• **Records provided**:
● ● ● ●
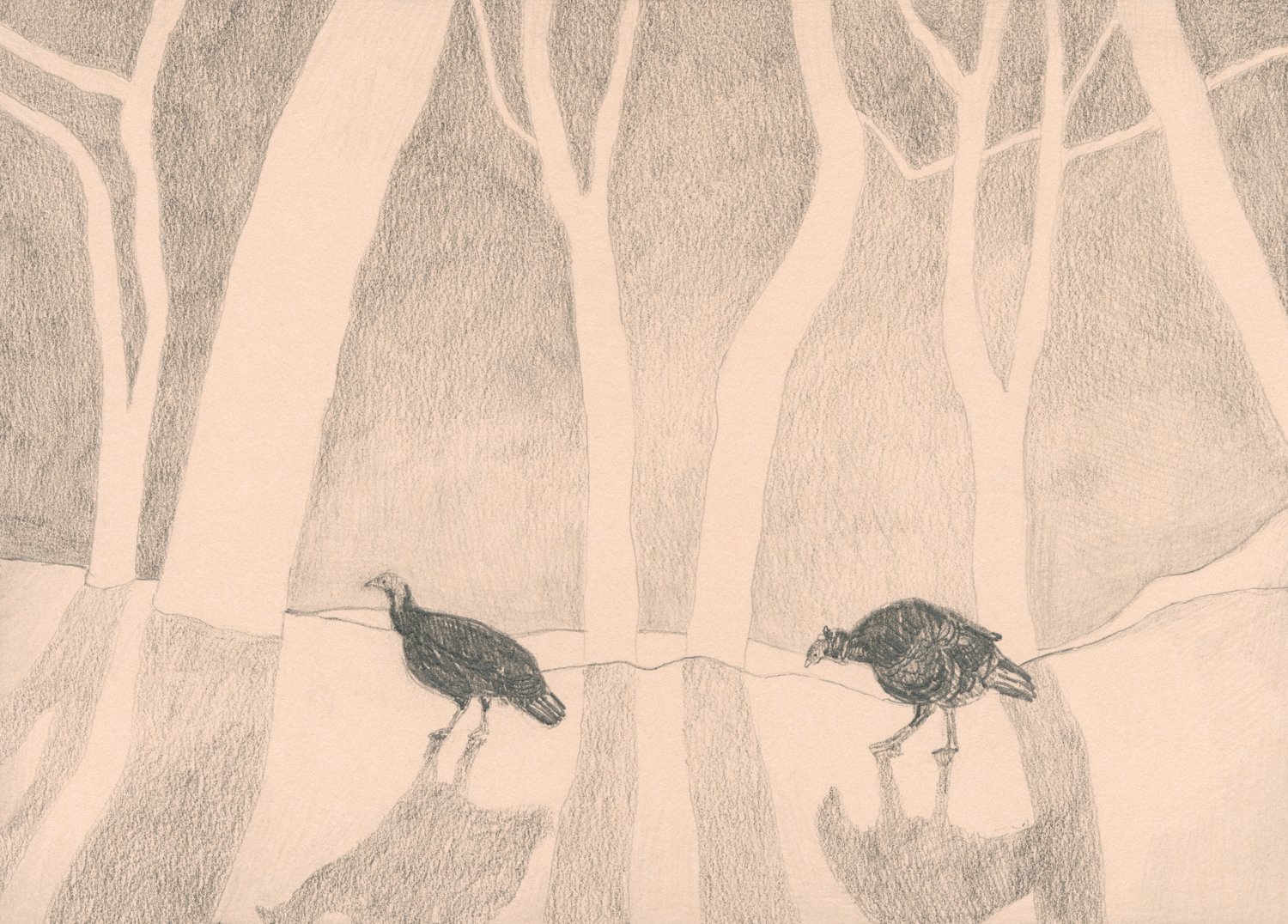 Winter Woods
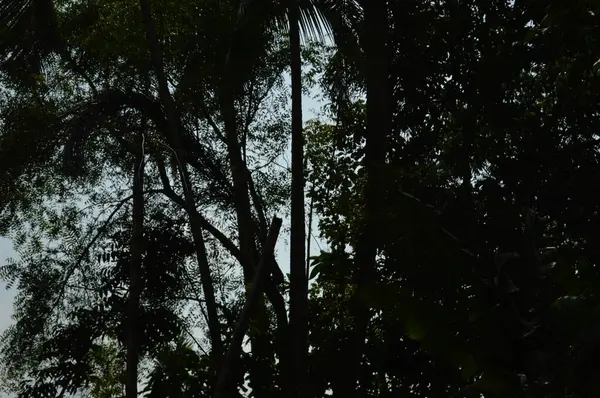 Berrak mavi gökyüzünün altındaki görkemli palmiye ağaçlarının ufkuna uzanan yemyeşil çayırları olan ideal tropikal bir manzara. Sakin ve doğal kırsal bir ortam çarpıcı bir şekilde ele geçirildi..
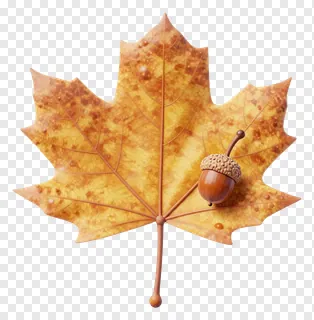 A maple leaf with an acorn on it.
● ● ● ●
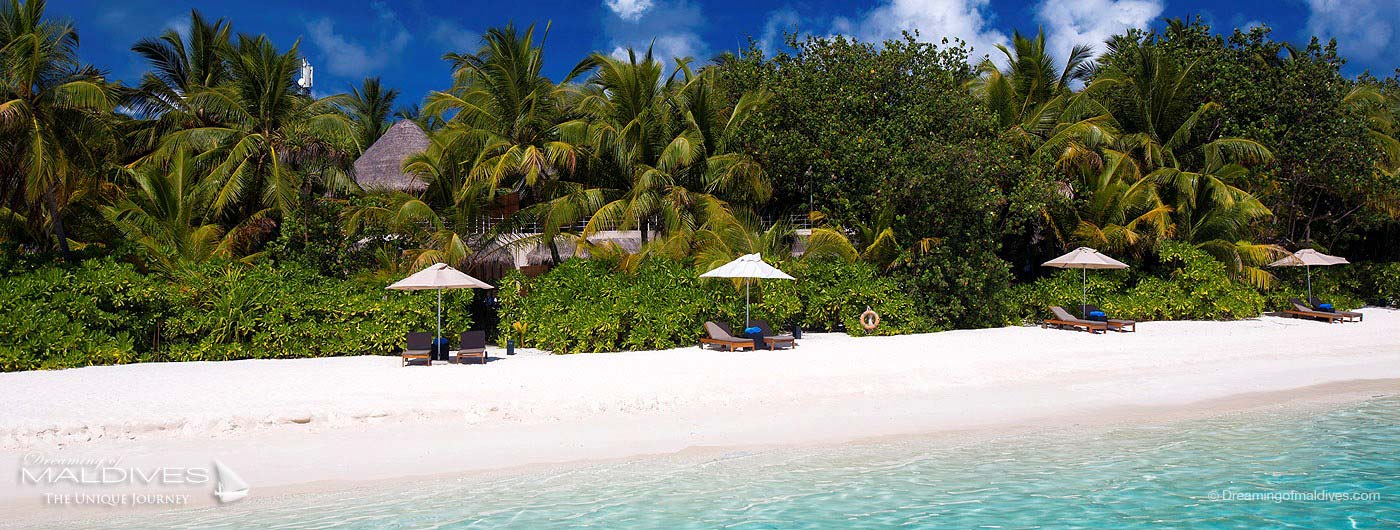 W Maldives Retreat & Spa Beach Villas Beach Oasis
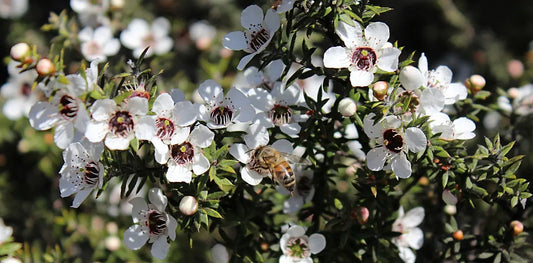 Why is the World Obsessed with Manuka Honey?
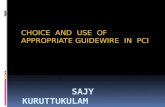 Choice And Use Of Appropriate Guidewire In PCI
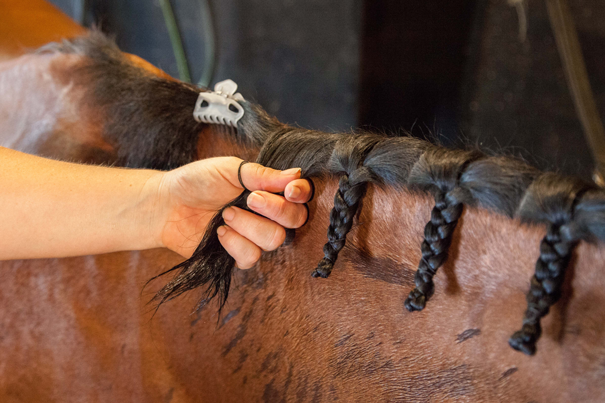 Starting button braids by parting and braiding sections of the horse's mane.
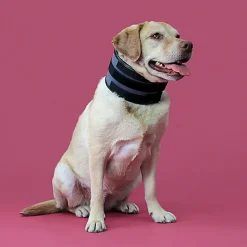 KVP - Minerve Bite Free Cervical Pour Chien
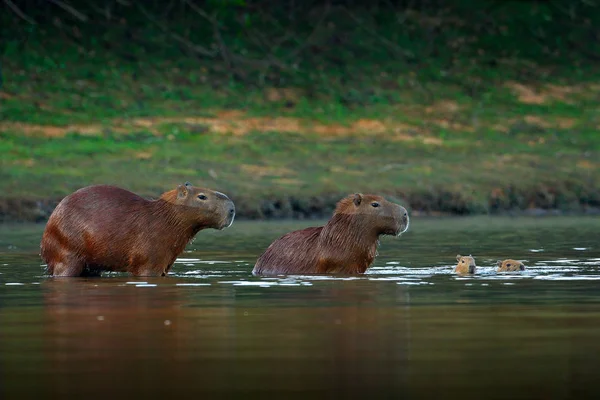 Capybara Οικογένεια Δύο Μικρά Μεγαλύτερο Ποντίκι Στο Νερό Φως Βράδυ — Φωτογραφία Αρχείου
● ● ● ●
• **Exercise**: Your reply should consist solely of the lines above from the line containing "KVP - Minerve Bite Free Cervical Pour Chien" up to and including the line containing "Capybara Οικογένεια Δύο", reproduced exactly, minus the pictures.

• **Answer for this exercise**:
 KVP - Minerve Bite Free Cervical Pour Chien
 Capybara Οικογένεια Δύο Μικρά Μεγαλύτερο Ποντίκι Στο Νερό Φως Βράδυ — Φωτογραφία Αρχείου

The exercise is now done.